- Opening Delimiter -

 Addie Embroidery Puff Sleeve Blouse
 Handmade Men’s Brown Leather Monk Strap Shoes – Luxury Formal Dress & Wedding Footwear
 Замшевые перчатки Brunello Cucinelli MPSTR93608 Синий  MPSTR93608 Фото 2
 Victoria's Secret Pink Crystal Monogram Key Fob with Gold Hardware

- Closing Delimiter -
- Opening Delimiter -

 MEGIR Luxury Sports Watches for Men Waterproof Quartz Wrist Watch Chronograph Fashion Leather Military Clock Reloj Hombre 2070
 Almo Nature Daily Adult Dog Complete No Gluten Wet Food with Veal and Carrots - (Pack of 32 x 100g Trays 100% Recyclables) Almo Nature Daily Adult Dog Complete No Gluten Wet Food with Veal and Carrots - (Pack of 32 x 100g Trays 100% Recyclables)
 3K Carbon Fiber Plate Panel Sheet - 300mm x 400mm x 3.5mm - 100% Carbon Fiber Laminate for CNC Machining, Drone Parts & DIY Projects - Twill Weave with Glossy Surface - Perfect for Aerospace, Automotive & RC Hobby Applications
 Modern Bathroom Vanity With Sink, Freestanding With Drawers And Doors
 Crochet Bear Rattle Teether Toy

- Closing Delimiter -

Required action :: Exactly one number is wanted in reply: the count of lines above that hold the string "Leather".

Problem solution :: 2